Edgartown shellfishermen harvested the most, about the same amount as those in all the other towns put together. Recreational and commercial fishermen in that town landed 4,728 bushels.
This was a better year than last, not just because of the numbers but due to the price. Edgartown shellfish constable Paul Bagnall said the higher price this year was more a sign of an improved economy on the mainland than of the availability of the shellfish. Bay scallops are a fickle fishery when it comes to price. Mainland demand drives the price, and when the consumer can’t afford to pay more than $20 a pound, the shellfish don’t move.
There are only two consistently reliable places to get bay scallops commercially, Martha’s Vineyard and Nantucket. Mr. Bagnall noted, however, that he has heard positive news for bay scallop restoration efforts on Long Island, Rhode Island and Cape Cod.
Vineyard fishermen earned anywhere from $15 to $16 a pound for their shucked shellfish. The retail price was around $20 to $22 a pound.
Cape Pogue Pond is Edgartown’s biggest producer, and the fishermen treat the pond as if it were a gold mine. When the season opened there were at least 25 fishermen out in their boats and they got their limit, three fish baskets a day, quickly. Mr. Bagnall said the number of fishermen dropped to about a dozen after Thanksgiving.
There was plenty of disappointment within the shellfish department, however, when reports emerged that a large number of juvenile bay scallops, spawned last year, were dying off in Cape Pogue Pond.

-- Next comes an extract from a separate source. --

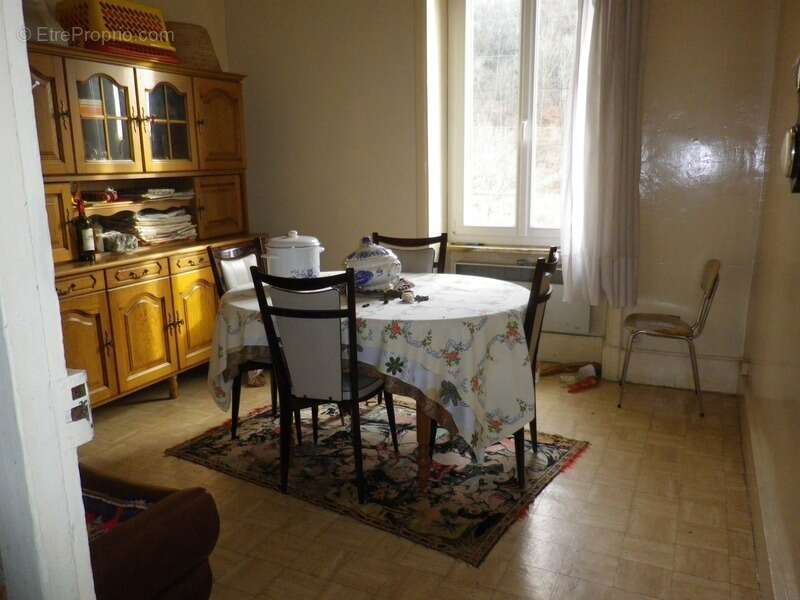 Appartement à LA MONNERIE-LE-MONTEL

Last summer there was a banner spawning of juvenile in the pond. The baby bay scallops peppered the bottom, in one of the largest spawning in recent memory. It takes a bay scallop two years to make it to harvestable size; the babies that were dying weren’t yet a year old.
While it is not entirely clear why it happened, Mr. Bagnall said he suspects it was overcrowding. As the season went on, it looked as if there were two kinds of bay scallops in the ponds, those that were growing well and those that seemed to mature slowly. “The smaller ones just seemed unhappy after August,” Mr. Bagnall said. They grew differently.
Fortunately, prior to the die-off, with the help of shellfishermen, the shellfish department moved a lot of those little juveniles to other parts of the pond and even some to Sengekontacket Pond.
Mr. Bagnall believes that there are still enough juvenile shellfish in the ponds to offer promise for next year. “I am cautiously optimistic,” he said.
“The size of the bay scallops was good, I think it was a good year,” said Danielle Ewart, Tisbury shellfish constable. Most of the scallops came from Lagoon Pond. Fishermen landed 1,300 bushels last year. Ms. Ewart said the season opened with about 15 boats going out. Some of the boats were occupied by more than one fisherman, so there were more limits.
Oak Bluffs had a better bay scallop season than the year before. More bay scallops were found on the Oak Bluffs side of Lagoon Pond and on the Oak Bluffs side of Sengekontacket than in previous years.
Chilmark commercial fishermen landed 1,605 bushels of bay scallops last year. Recreational fishermen landed 100 bushels. Town shellfish constable Isaiah Scheffer said at one point two years ago, he was expecting 3,000 bushels. But as in Edgartown, this past winter there was a juvenile bay scallop die-off in the winter of 2009-2010.
The bivalves coming from Menemsha Pond are bigger than in Quitsa Pond. The season began last October with 30 fishermen going out and they did well for quite a while. Two months into the season, Mr. Scheffer said there were still 22 fishermen out on the ponds. “I think it was a good season,” Mr. Scheffer said, “Fishermen would rather be on the water than anywhere else.” Mr. Scheffer said there were a few beginners he hadn’t seen before out on the water. There were at least two fishermen still fishing this week, he added.
Aquinnah didn’t have a season in the fall of 2009, but they had one last year, about 1,600 bushels for the fall. There were fewer than 30 commercial scallopers fishing in Aquinnah this past winter. Aquinnah typically starts later in the season than other towns in the commonwealth. Their season started in November. The daily limit was lowered from three rounded bushels to two bushels in an effort to slow the harvesting.
Hollis Smith, a member of the Aquinnah shellfish committee, said at the start of the season, “They could get their limit in an hour. Now it takes three hours to get a bushel.”
Mr. Smith said the fishermen have been shipping their bay scallops to the Cape directly and pretty consistently getting $16 a pound. “I think the price was great,” Mr. Smith said.